It’s not as easy to run a business these days. There are so many things to consider that it’s easy to get lost along the way. However, entrepreneurs who are sufficiently equipped manage to stand out from the crowd and make their business last. But what is the secret?
The secret is of course the careful management of the company’s finances and resources, while avoiding mistakes that can be fatal. In this article, you will discover the most common financial mistakes made by small and medium-sized businesses.
Manage cash flow passively
Cash flow is the lifeblood of a business. Therefore, cash flow should be constantly monitored to stay current. Even if the business is profitable, it’s easy to be surprised by a cash shortage if you’re not rigorous about cash management.

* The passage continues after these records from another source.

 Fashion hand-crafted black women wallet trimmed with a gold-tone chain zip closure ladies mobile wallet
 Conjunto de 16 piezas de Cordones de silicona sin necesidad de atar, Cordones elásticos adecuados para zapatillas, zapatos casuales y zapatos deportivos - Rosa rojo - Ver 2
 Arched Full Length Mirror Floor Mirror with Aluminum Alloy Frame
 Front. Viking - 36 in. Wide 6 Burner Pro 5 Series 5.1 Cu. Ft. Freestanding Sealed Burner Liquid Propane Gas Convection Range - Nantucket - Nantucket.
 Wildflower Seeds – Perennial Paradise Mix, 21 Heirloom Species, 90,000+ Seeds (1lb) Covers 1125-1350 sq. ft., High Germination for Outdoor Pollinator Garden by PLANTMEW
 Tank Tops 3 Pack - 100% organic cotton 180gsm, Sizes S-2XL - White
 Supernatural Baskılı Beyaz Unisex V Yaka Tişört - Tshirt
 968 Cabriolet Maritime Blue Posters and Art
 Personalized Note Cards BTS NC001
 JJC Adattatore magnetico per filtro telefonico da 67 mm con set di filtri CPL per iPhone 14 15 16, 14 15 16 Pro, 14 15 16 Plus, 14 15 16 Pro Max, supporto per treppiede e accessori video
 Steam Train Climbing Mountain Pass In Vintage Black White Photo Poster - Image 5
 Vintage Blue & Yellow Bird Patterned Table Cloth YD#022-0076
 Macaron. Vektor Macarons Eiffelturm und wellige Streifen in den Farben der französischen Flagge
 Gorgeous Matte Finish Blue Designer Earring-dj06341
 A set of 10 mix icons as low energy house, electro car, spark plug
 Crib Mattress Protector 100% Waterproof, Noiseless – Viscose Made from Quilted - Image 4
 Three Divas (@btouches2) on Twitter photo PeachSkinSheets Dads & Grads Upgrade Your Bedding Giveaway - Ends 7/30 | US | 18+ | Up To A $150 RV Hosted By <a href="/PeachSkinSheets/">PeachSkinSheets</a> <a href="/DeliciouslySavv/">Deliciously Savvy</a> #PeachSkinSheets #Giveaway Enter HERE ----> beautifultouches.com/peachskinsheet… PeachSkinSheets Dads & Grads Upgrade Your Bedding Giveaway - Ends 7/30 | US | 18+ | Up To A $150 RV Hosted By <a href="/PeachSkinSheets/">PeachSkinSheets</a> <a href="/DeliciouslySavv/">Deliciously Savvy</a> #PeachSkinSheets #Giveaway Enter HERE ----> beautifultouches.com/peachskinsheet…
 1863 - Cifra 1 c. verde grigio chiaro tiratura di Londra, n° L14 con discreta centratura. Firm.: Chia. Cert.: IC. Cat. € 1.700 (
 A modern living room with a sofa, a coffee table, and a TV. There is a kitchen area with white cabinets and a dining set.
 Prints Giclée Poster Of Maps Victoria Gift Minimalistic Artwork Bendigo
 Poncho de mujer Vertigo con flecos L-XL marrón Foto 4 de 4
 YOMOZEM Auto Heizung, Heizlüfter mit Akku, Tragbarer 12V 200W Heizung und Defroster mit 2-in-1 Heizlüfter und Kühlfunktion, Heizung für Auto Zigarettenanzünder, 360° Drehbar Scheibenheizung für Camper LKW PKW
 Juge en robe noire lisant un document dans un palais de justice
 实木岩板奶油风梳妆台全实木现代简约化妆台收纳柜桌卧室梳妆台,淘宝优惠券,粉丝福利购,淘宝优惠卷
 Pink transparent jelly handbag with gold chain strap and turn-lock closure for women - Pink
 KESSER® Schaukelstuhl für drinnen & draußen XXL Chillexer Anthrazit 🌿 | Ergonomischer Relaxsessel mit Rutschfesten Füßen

To stay on top of things, SMEs need to analyze and track key accounts such as expenses, sales, accounts receivable, etc.
Passive cash flow management is one of the most common mistakes that cause businesses to lose money. It takes into account other aspects such as:
Making reckless expenditures
No business wants to be buried in bills. Yet, when you look at companies from the outside, you get the impression that they want to.
It has almost become a proof of success for companies. The more they spend on office renovation, branding, etc., the more successful they are.
But beware! There is much more to read between the lines.
A fundamental mistake that small business owners must avoid is dispersing cash whenever they have a little extra. You really don’t need a three-story office to get your product/service in front of your consumers.
Not having good accounting practices
Accounting is an easily overlooked aspect of small business. Yet it is essential to keep a perfect record of all your company’s income and expenses.
Keep your books in perfect order and don’t forget to record even the smallest and most insignificant of expenses. This will give you a better understanding of the cash flow and working capital needed for the business.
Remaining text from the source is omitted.